* YOUR ASSIGNMENT
What is needed here is an exact printout of the data, with no pictures included.

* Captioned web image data
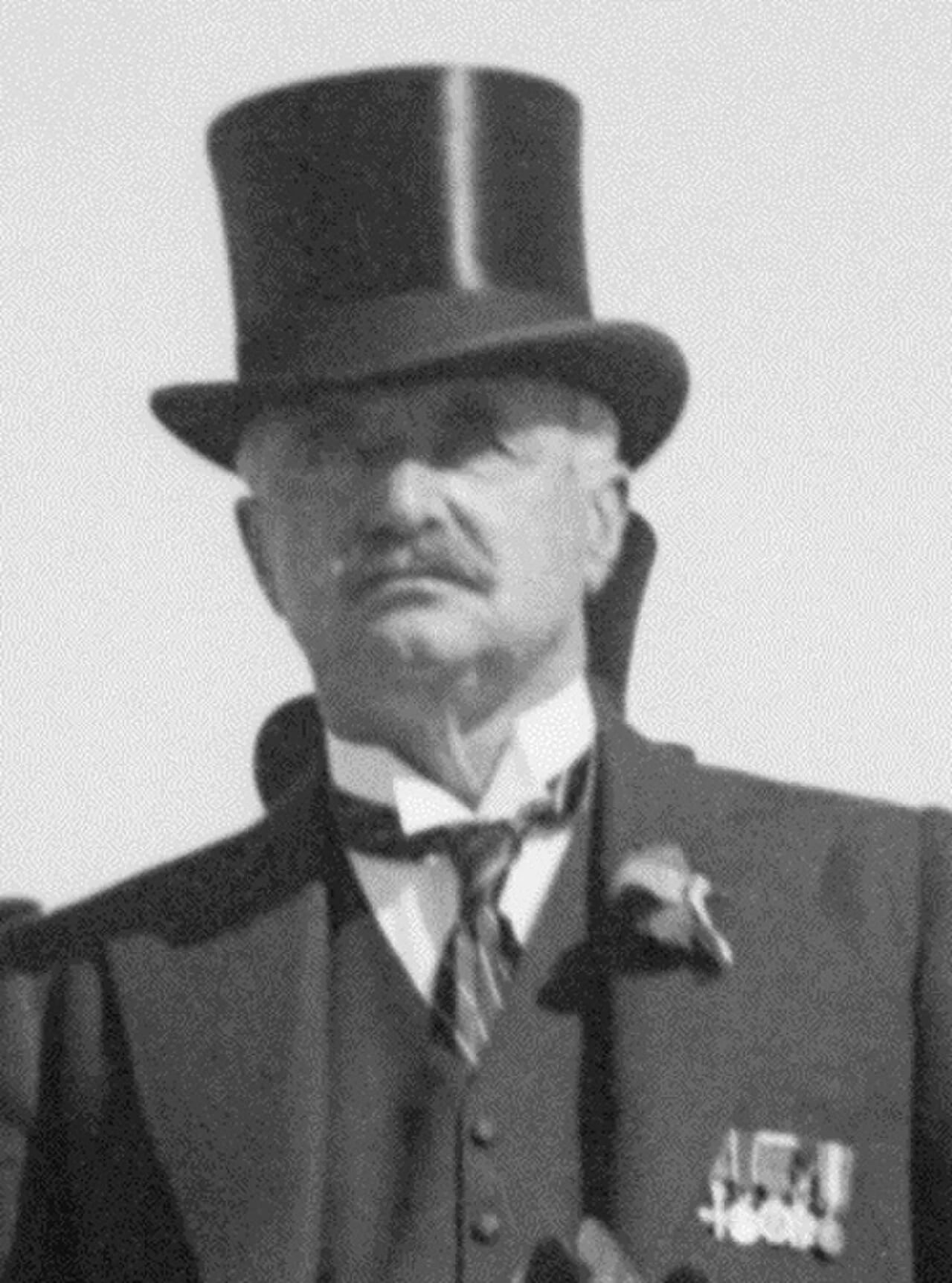 Portrait of William Peel, 1. Earl Peel (1867–1937) – memorial page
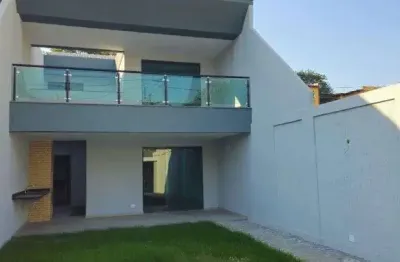 Imóvel para venda possui 180 metros quadrados com 5 quartos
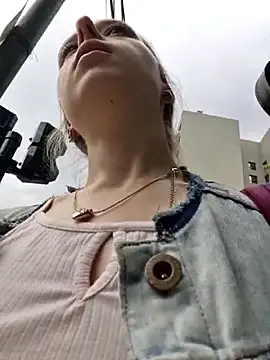 Snapshot of Public_Katrisha chatting on 10-22-25, 03:33 Public Katrisha online show from 10-22-25, 03:33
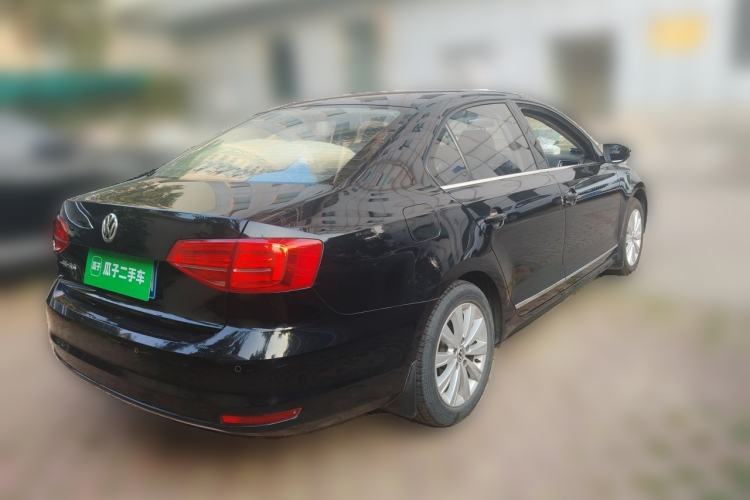 Used Volkswagen Sagitar 2015 1.6L Manual Comfort Model Rear Right 45 Deg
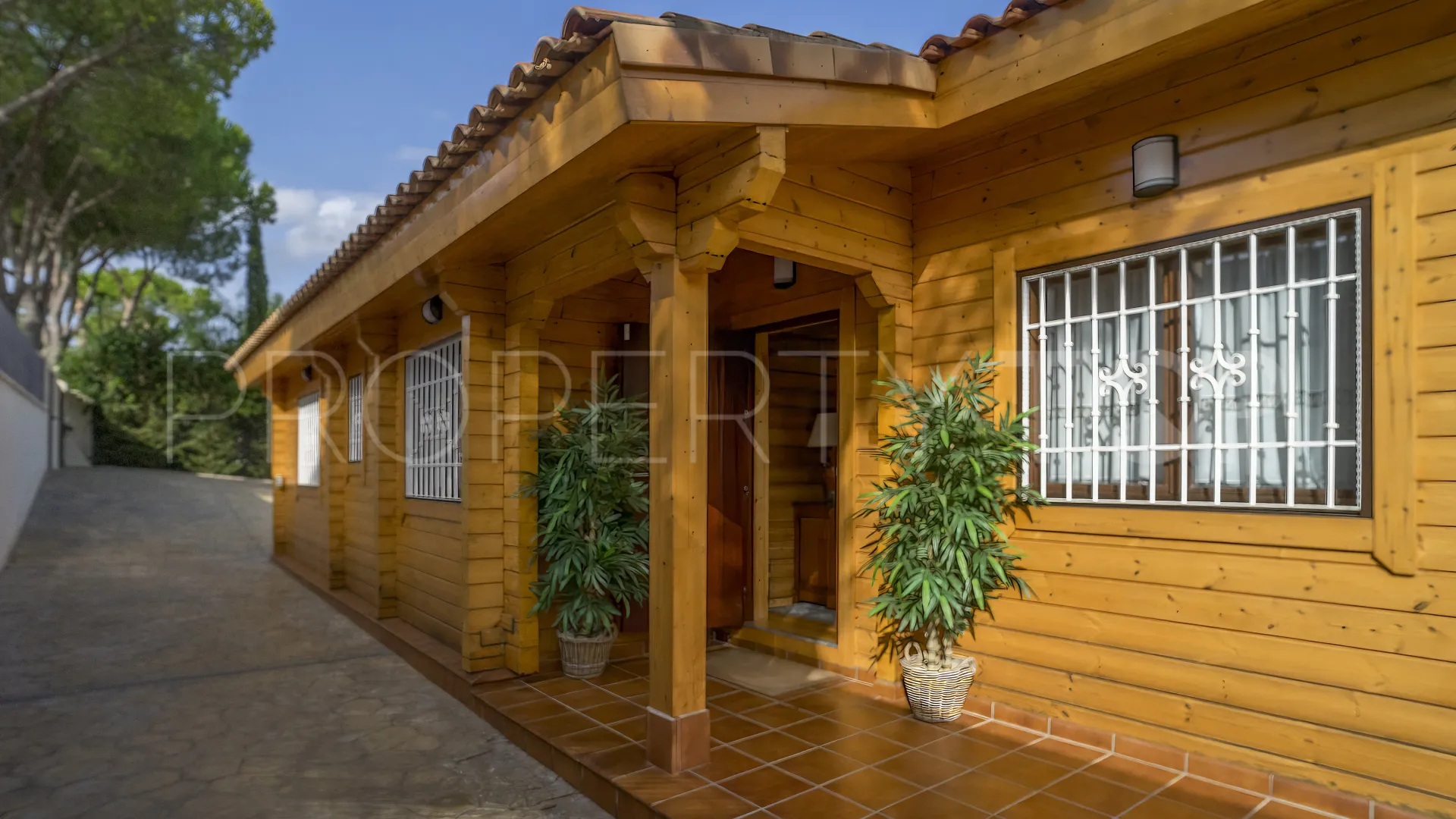 Chalet with 4 bedrooms for sale in Elviria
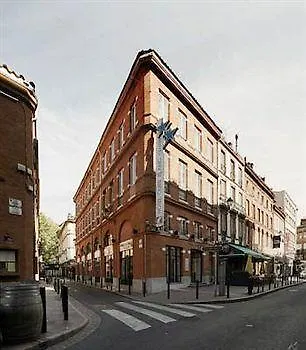 Ours Blanc - Centre 3* Toulouse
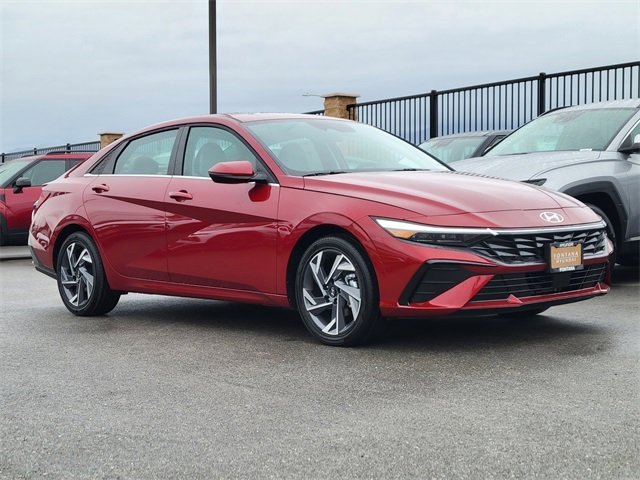 New 2025 Hyundai Elantra Limited image 28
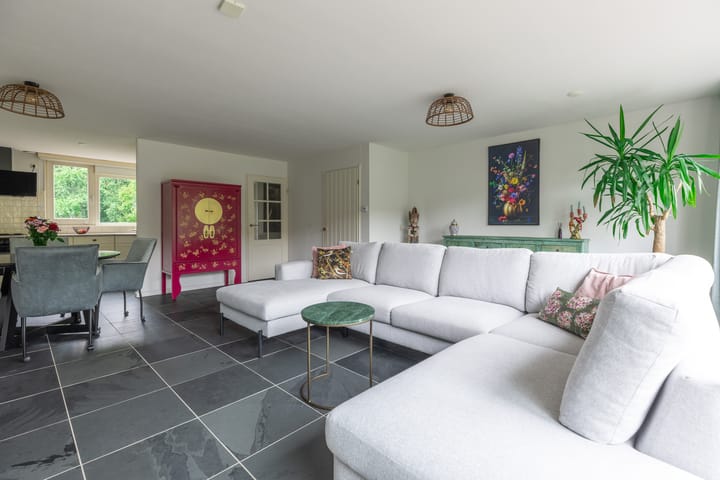 Foto 10 van Moutmolenstraat 28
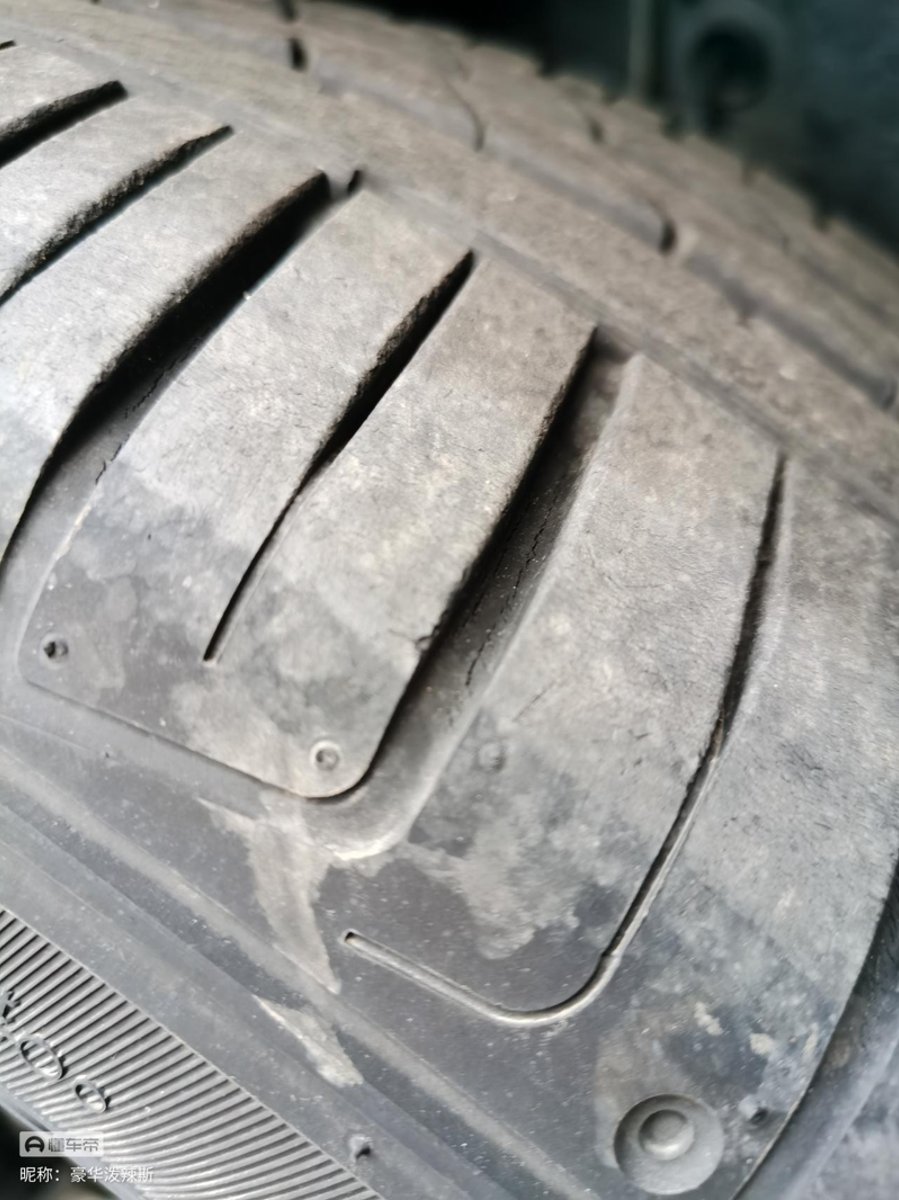 大众途岳 ！去年9月份提的车现在发现轮胎胎面有裂纹，类似下面图片这种的，有这种情况吗，正常吗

* PROBLEM SOLUTION
 Portrait of William Peel, 1. Earl Peel (1867–1937) – memorial page
 Imóvel para venda possui 180 metros quadrados com 5 quartos
 Snapshot of Public_Katrisha chatting on 10-22-25, 03:33 Public Katrisha online show from 10-22-25, 03:33
 Used Volkswagen Sagitar 2015 1.6L Manual Comfort Model Rear Right 45 Deg
 Chalet with 4 bedrooms for sale in Elviria
 Ours Blanc - Centre 3* Toulouse
 New 2025 Hyundai Elantra Limited image 28
 Foto 10 van Moutmolenstraat 28
 大众途岳 ！去年9月份提的车现在发现轮胎胎面有裂纹，类似下面图片这种的，有这种情况吗，正常吗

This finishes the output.